### How to complete this task
Once you find the line with "Thumbnail 2 in" in the entries below, return exactly every line from it through the line with "braccialetto uomo TJAXV40 Argento".

### Source records
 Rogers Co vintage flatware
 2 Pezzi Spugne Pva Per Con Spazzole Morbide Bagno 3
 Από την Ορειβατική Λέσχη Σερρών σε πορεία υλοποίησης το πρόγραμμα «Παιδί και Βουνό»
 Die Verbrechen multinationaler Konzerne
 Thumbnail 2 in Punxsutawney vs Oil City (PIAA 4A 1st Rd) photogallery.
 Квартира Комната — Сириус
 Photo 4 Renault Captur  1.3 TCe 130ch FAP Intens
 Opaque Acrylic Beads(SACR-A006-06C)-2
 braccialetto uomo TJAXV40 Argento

--

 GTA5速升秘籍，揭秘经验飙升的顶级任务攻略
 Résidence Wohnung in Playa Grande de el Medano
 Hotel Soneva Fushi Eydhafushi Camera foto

### Answer to this problem
 Thumbnail 2 in Punxsutawney vs Oil City (PIAA 4A 1st Rd) photogallery.
 Квартира Комната — Сириус
 Photo 4 Renault Captur  1.3 TCe 130ch FAP Intens
 Opaque Acrylic Beads(SACR-A006-06C)-2
 braccialetto uomo TJAXV40 Argento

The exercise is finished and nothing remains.